- Opening Delimiter -

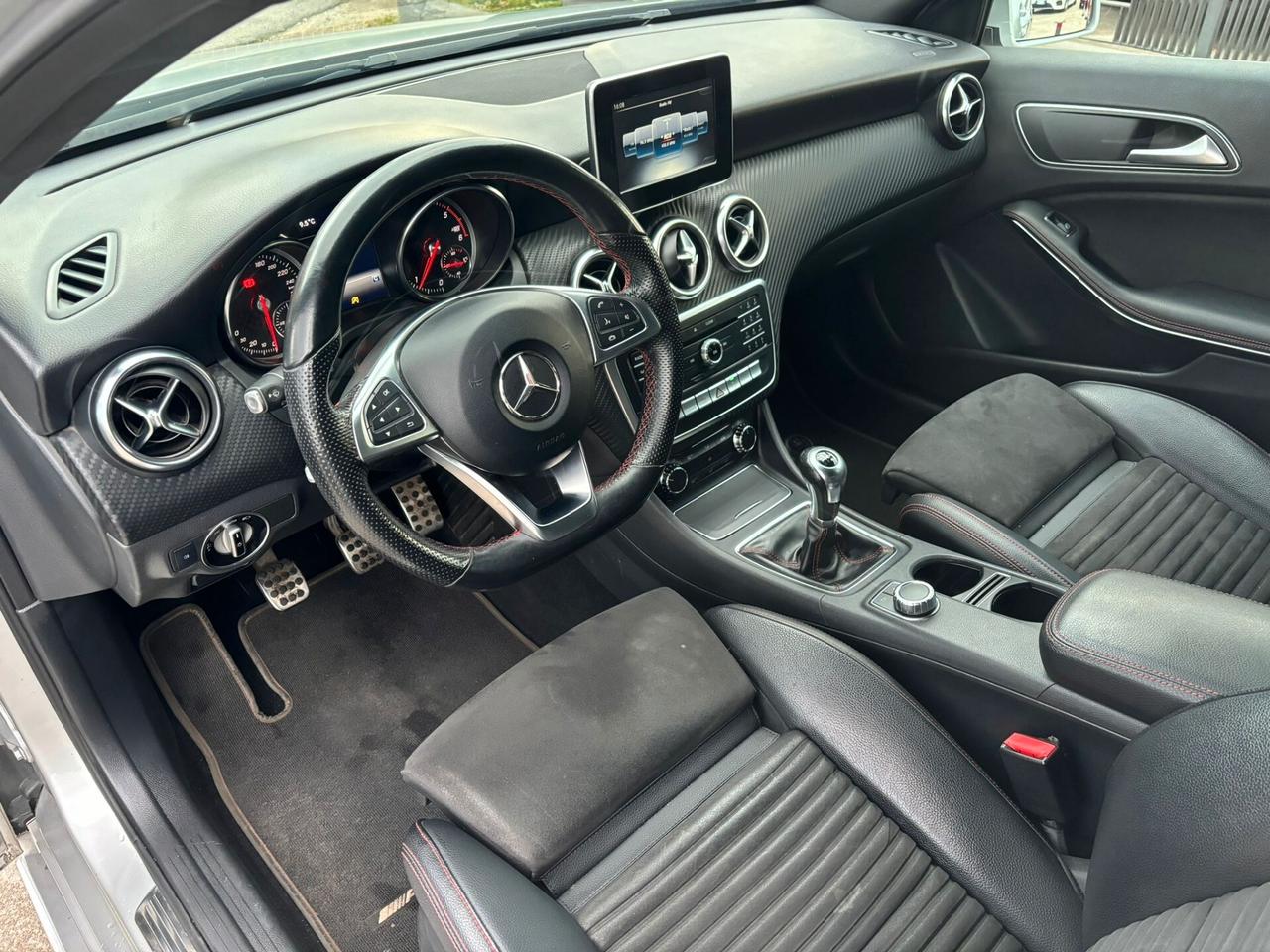 Mercedes-benz A 180 A 180 d Premium AMG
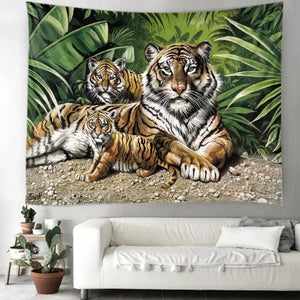 TIGER OF THE JUNGLE TAPESTRY PICTURE Tiger-Universe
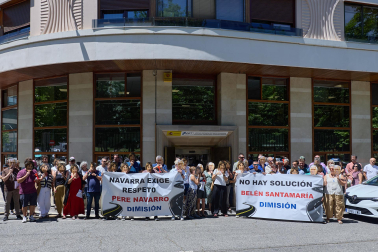 Foto de la concentración de las autoescuelas de Navarra ante la Jefatura de Tráfico.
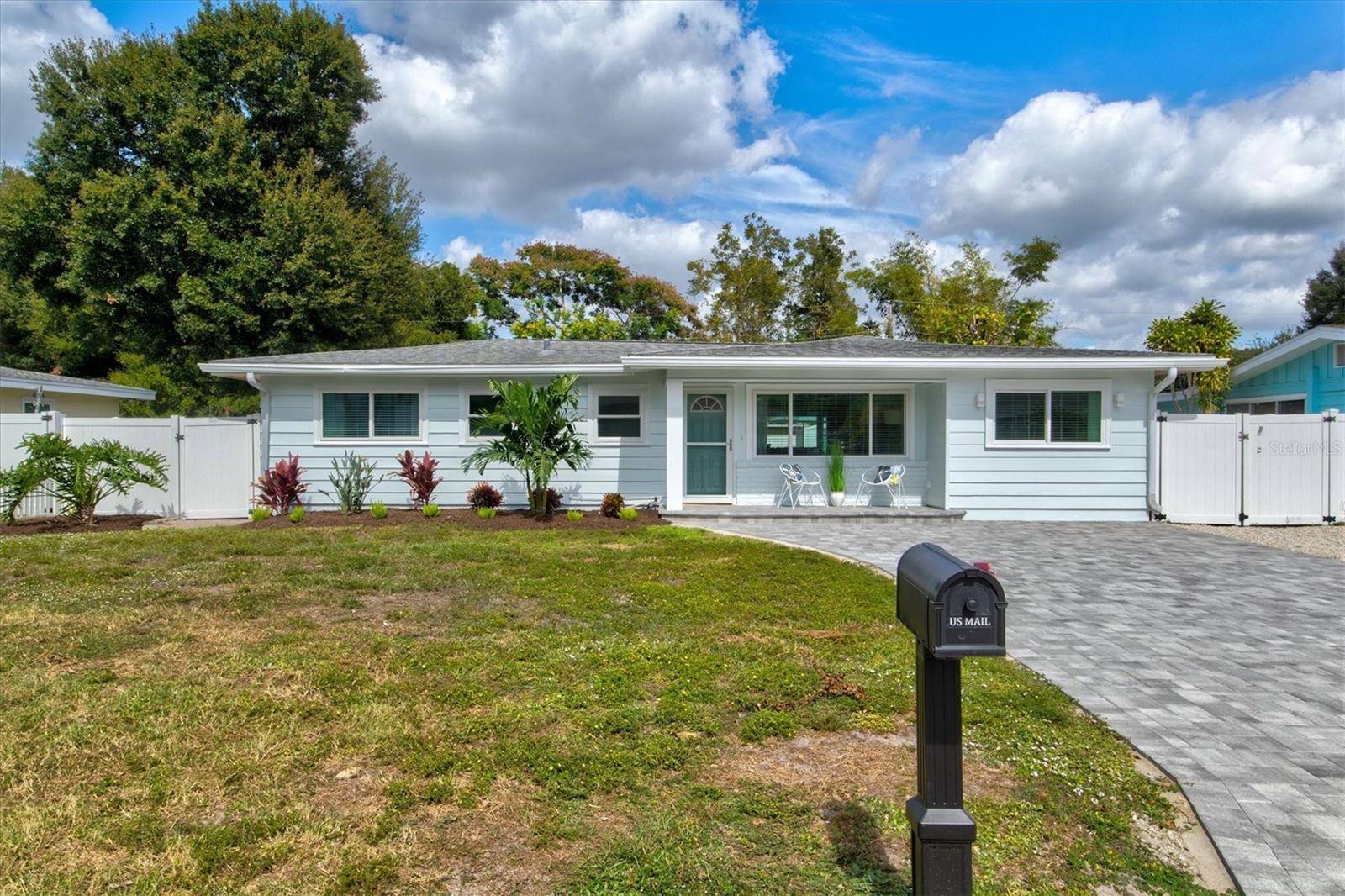 2641 MARTIN ST, Sarasota, FL 34237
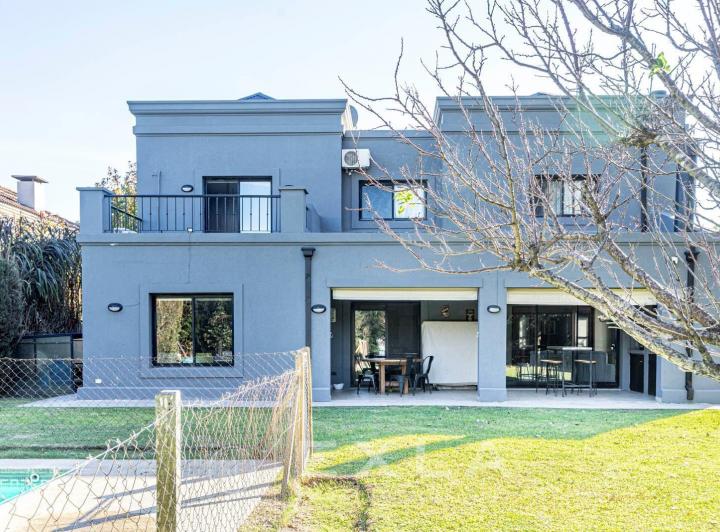 Casa · 270m² · 4 Ambientes · 1 Cochera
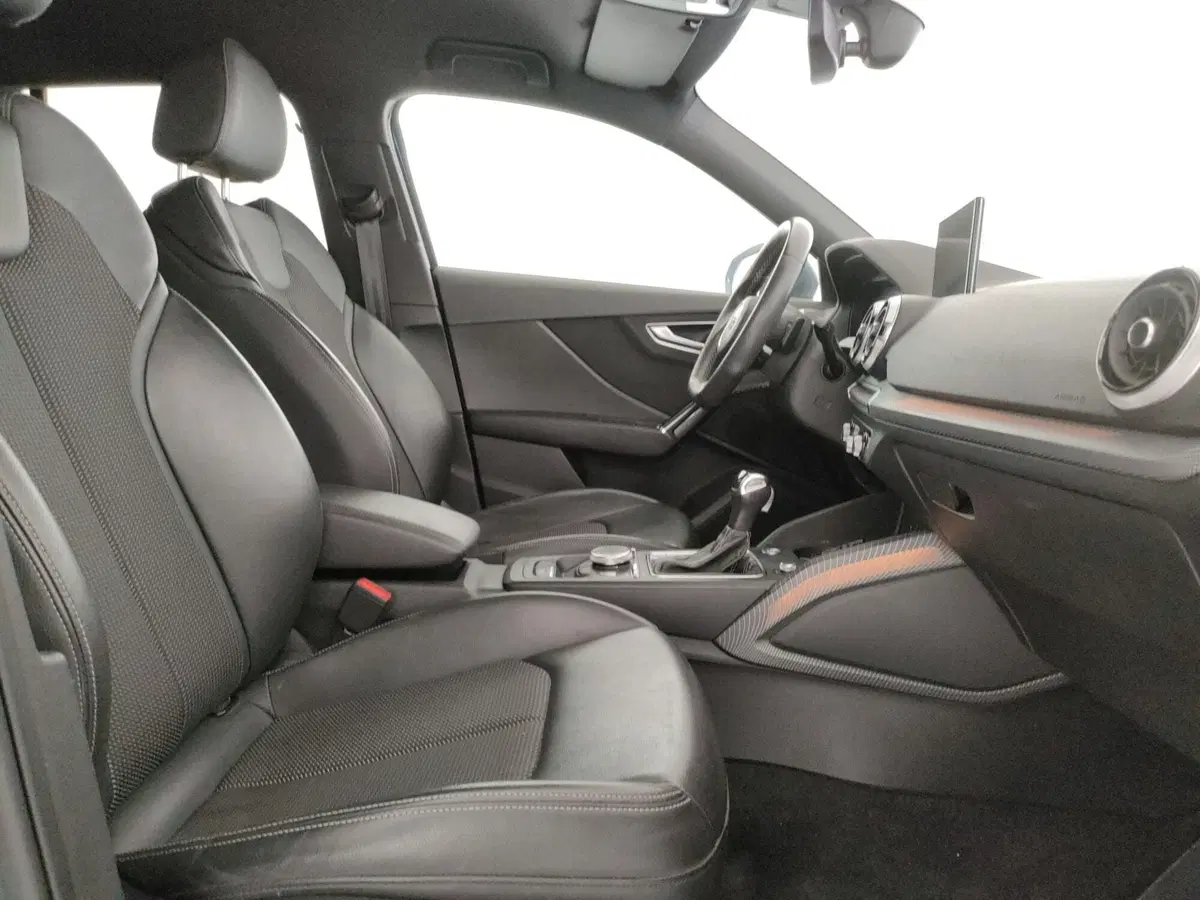 Audi Q2 usata a Napoli (7)
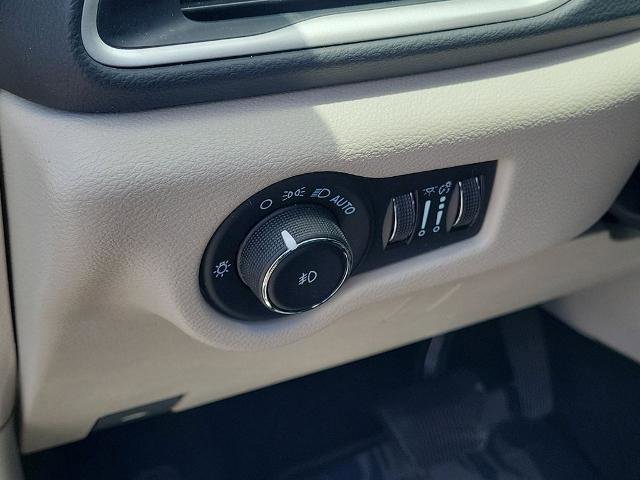 Used 2023 Chrysler Pacifica Touring-L FWD image 23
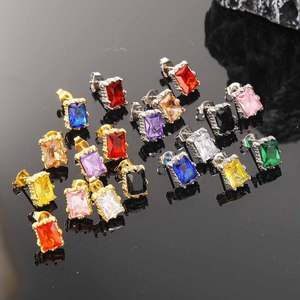 Pendientes de acero de titanio con circonita cuadrada minimalista estilo europeo-americano, joyería de moda premium unisex al por mayor - Product Image 1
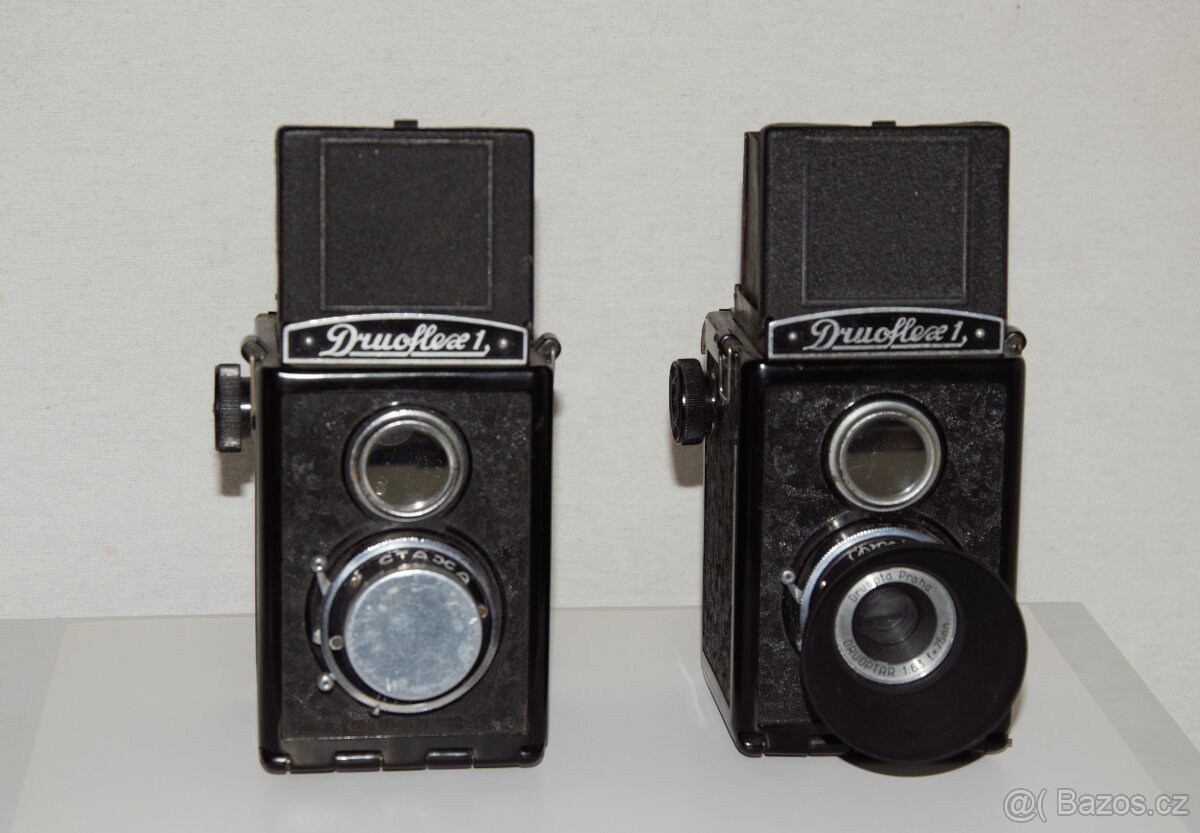 2 STARÉ FOTOAPARÁTY DRUOFLEX 1 - 2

- Closing Delimiter -

▸ **What to work on**
Where an entry contains an image, skip the image; repeat everything else exactly.

▸ **Task solution**
 Mercedes-benz A 180 A 180 d Premium AMG
 TIGER OF THE JUNGLE TAPESTRY PICTURE Tiger-Universe
 Foto de la concentración de las autoescuelas de Navarra ante la Jefatura de Tráfico.
 2641 MARTIN ST, Sarasota, FL 34237
 Casa · 270m² · 4 Ambientes · 1 Cochera
 Audi Q2 usata a Napoli (7)
 Used 2023 Chrysler Pacifica Touring-L FWD image 23
 Pendientes de acero de titanio con circonita cuadrada minimalista estilo europeo-americano, joyería de moda premium unisex al por mayor - Product Image 1
 2 STARÉ FOTOAPARÁTY DRUOFLEX 1 - 2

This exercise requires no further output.